[Caption-style text data]
+--

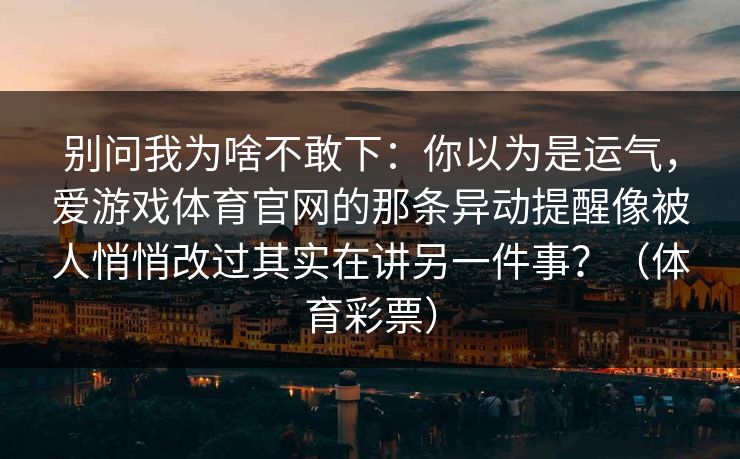 别问我为啥不敢下：你以为是运气，爱游戏体育官网的那条异动提醒像被人悄悄改过其实在讲另一件事？（体育彩票）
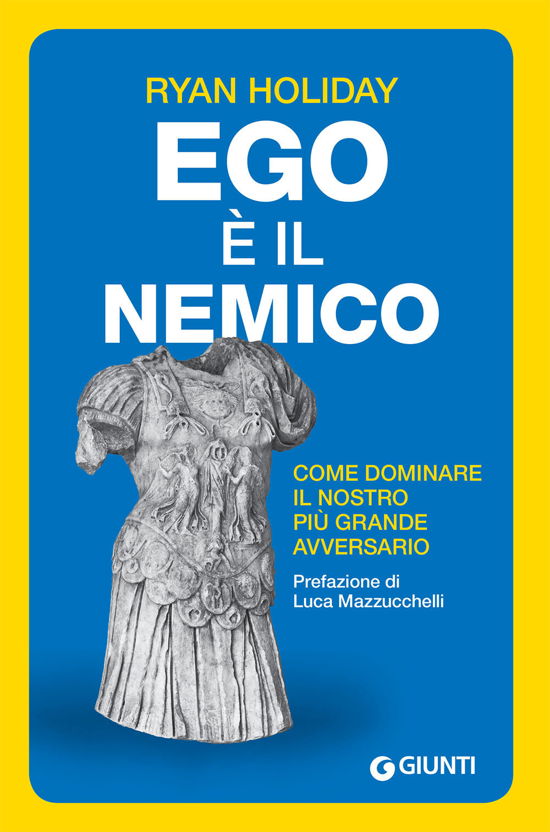 Cover for Ryan Holiday · Ego E Il Nemico. Come Dominare Il Nostro Piu Grande Avversario (Bog)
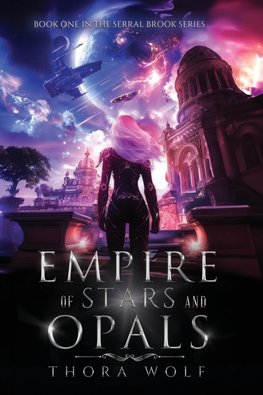 Empire of Stars and Opals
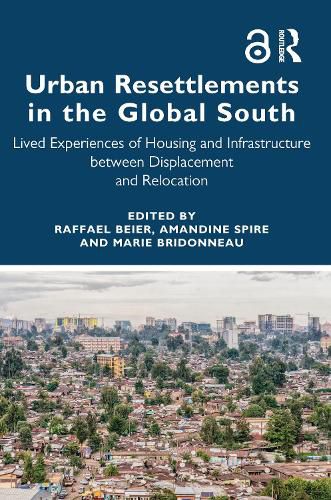 Cover image for Urban Resettlements in the Global South: Lived Experiences of Housing and Infrastructure between Displacement and Relocation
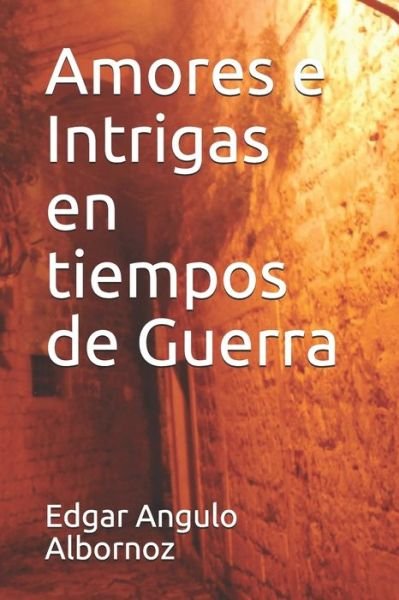 Cover for Edgar Angulo Albornoz · Amores e Intrigas en tiempos de Guerra (Pocketbok) (2021)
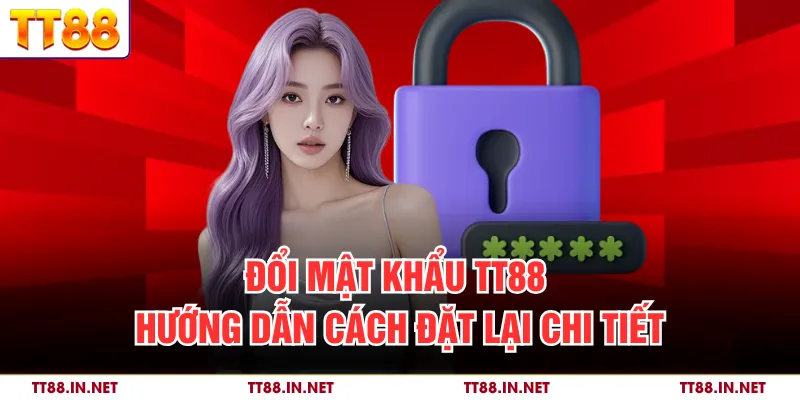 Đổi Mật Khẩu TT88 - Hướng Dẫn Cách Đặt Lại Chi Tiết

+--

> Problem to solve: Every line of the records above must reappear exactly, though the pictures must not.

> Output of the task:
 别问我为啥不敢下：你以为是运气，爱游戏体育官网的那条异动提醒像被人悄悄改过其实在讲另一件事？（体育彩票）
 Cover for Ryan Holiday · Ego E Il Nemico. Come Dominare Il Nostro Piu Grande Avversario (Bog)
 Empire of Stars and Opals
 Cover image for Urban Resettlements in the Global South: Lived Experiences of Housing and Infrastructure between Displacement and Relocation
 Cover for Edgar Angulo Albornoz · Amores e Intrigas en tiempos de Guerra (Pocketbok) (2021)
 Đổi Mật Khẩu TT88 - Hướng Dẫn Cách Đặt Lại Chi Tiết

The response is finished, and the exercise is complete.